Pundits thought he would flame out early; he has done things that could have ended other campaigns; and his statements are erratic and even sometimes contradictory. Yet, he remains the leading Republican presidential contender.
Many have tried to explain Trump’s rise in the nine months since he entered the race, and now President Obama can be counted among them: He offered up his analysis of Trump and the broader fight for the Republican presidential nomination during a speech Friday afternoon at a Democratic National Committee event at Texas’s Austin Music Hall.
"We’ve got a debate inside the other party that is fantasy and schoolyard taunts and selling stuff like it’s the Home Shopping Network,” he joked.
Obama said he was unsurprised by the billionaire businessman and reality TV star’s rise.
“How can you be shocked?” he asked to laughter from the crowd, according to a transcript. “This is the guy, remember, who was sure that I was born in Kenya — who just wouldn’t let it go. And all this same Republican establishment, they weren’t saying nothing. As long as it was directed at me, they were fine with it. They thought it was a hoot, wanted to get his endorsement. And then now, suddenly, we’re shocked that there’s gambling going on in this establishment,” he said in an apparent reference to a famous line from the movie classic "Casablanca."

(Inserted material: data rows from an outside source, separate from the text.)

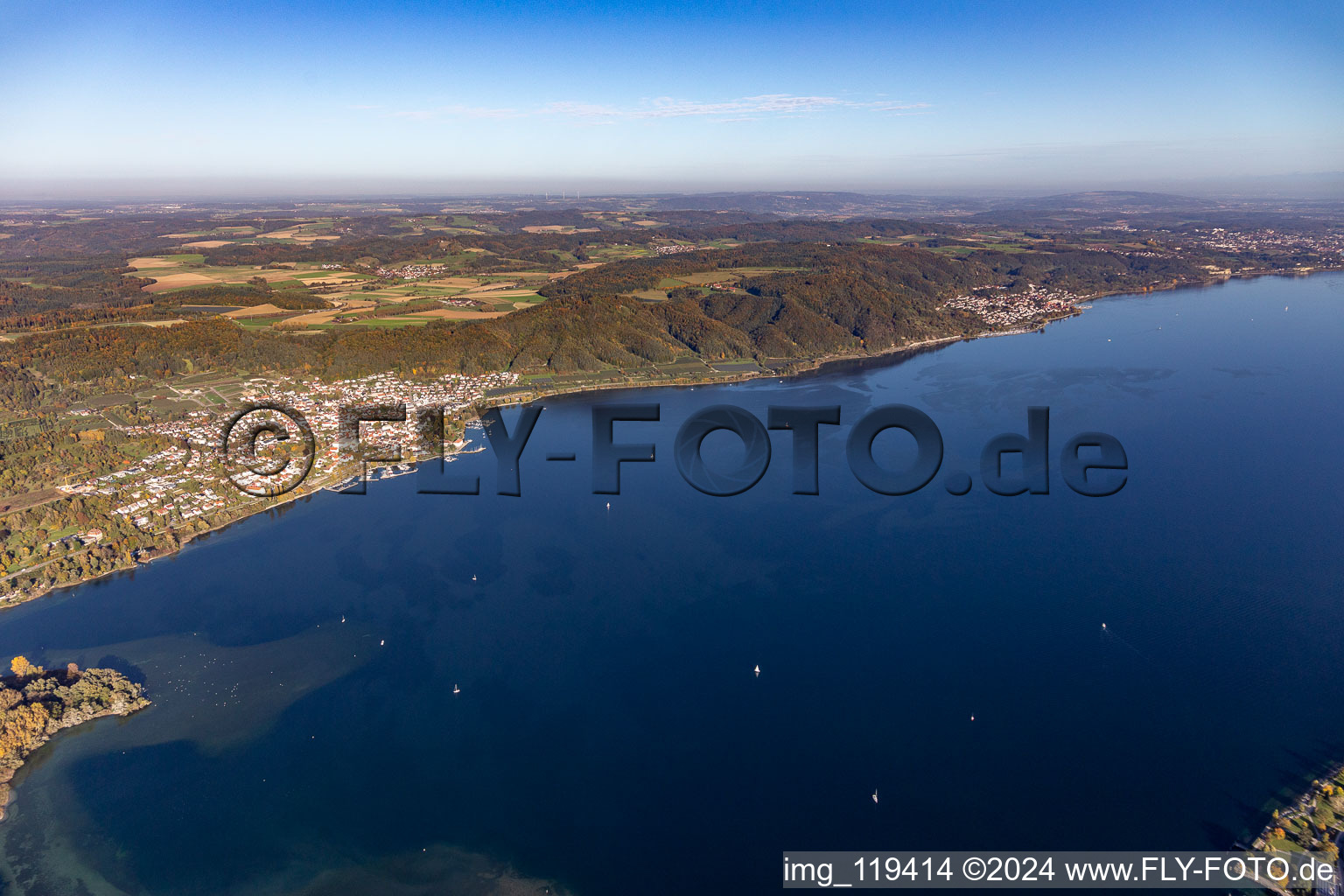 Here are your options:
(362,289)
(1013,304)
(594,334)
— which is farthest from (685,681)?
(1013,304)

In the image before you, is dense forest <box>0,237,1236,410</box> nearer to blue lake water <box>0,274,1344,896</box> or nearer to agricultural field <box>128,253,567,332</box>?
agricultural field <box>128,253,567,332</box>

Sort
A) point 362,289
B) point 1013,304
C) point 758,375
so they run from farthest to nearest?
point 1013,304
point 362,289
point 758,375

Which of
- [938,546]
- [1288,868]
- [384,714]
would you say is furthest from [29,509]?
[1288,868]

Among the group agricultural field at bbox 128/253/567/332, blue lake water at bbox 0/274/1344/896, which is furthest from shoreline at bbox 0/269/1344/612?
agricultural field at bbox 128/253/567/332

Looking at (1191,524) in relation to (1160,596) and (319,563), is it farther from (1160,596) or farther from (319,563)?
(319,563)

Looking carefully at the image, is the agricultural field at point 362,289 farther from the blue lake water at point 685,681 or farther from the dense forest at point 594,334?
the blue lake water at point 685,681

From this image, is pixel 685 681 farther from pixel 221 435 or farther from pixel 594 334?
pixel 594 334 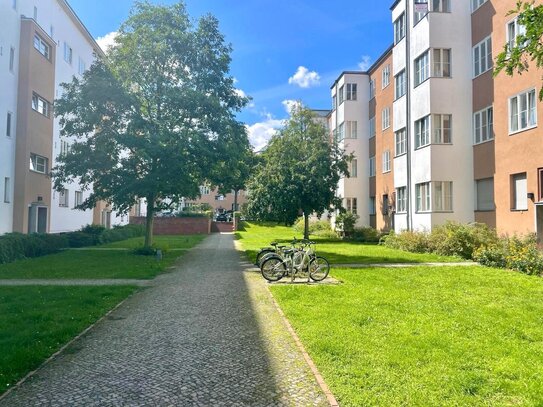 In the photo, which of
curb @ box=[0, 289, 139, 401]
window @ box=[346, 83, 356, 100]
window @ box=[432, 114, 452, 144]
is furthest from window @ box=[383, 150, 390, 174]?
curb @ box=[0, 289, 139, 401]

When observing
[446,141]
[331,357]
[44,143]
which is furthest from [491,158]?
[44,143]

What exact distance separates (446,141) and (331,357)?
1942 cm

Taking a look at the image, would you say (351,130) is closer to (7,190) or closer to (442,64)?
(442,64)

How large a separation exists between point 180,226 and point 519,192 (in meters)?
31.5

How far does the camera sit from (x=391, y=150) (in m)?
31.3

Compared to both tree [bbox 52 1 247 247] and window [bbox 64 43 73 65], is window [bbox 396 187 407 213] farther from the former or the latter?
window [bbox 64 43 73 65]

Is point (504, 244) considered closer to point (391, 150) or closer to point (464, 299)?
point (464, 299)

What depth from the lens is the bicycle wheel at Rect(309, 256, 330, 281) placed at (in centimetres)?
1312

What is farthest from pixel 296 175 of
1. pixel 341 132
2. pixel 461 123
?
pixel 461 123

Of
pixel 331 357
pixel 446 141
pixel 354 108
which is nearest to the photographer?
pixel 331 357

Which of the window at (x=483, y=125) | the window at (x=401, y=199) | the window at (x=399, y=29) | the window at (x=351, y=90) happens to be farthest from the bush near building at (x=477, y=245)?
the window at (x=351, y=90)

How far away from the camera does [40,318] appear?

The Republican Party set the conditions long ago for Trump’s success, Obama said. The billionaire just capitalized on the GOP’s own tactics, the president argued:
What is happening in this primary is just a distillation of what’s been happening inside their party for more than a decade. I mean, the reason that many of their voters are responding is because this is what’s been fed through the messages they’ve been sending for a long time — that you just make flat assertions that don’t comport with the facts. That you just deny the evidence of science. That compromise is a betrayal. That the other side isn’t simply wrong, or we just disagree, we want to take a different approach, but the other side is destroying the country, or treasonous. I mean, that’s — look it up. That’s what they’ve been saying.
So they can’t be surprised when somebody suddenly looks and says, you know what, I can do that even better. I can make stuff up better than that. I can be more outrageous than that. I can insult people even better than that. I can be even more uncivil. I mean, conservative outlets have been feeding their base constantly the notion that everything is a disaster, that everybody else is to blame, that Obamacare is destroying the country. And it doesn’t matter whether it’s true or not. It’s not, we disagree with this program, we think we can do it better — it’s, oh, this is a crisis!
So if you don’t care about the facts, or the evidence, or civility, in general in making your arguments, you will end up with candidates who will say just about anything and do just about anything. And when your answer to every proposal that I make, or Democrats make is no, it means that you’ve got to become more and more unreasonable because that’s the only way you can say no to some pretty reasonable stuff. And then you shouldn’t be surprised when your party ultimately has no ideas to offer at all.
Despite his strong critique of the GOP, though, Obama added a caveat:
There are thoughtful conservatives — good people in the Republican Party, good people who are Republican voters who care about poverty and they care about climate, and don’t resort to insults, and are troubled by what’s happening inside their own party. I know them. I’ve talked to them. But they’ve got to acknowledge why this happened — because some of them have been writing that, “Well, the reason our party is going crazy is because of Obama.” Which is a pretty novel idea. The notion is Obama drove us crazy.
Now, the truth is, what they really mean is their reaction to me was crazy and now it has gotten out of hand. But that’s different. I didn’t cause the reaction. The reaction is something that they have to take responsibility for and then figure out how do we make an adjustment.
Obama's analysis mirrors that of New Yorker editor David Remnick, who in the March 14th issue calls Trump "the beneficiary of a long process of Republican intellectual decadence.”
"Paul Ryan denounces Trump but not the Tea Party rhetoric that propelled his own political ascent," he writes. "John McCain holds Trump in contempt, but selected as his running mate Sarah Palin, the Know-Nothing of Wasilla, one of Trump’s most vivid forerunners and supporters. Mitt Romney last week righteously slammed Trump as a 'phony' and a misogynist, and yet in 2012 he embraced Trump’s endorsement and praised his 'extraordinary' understanding of economics."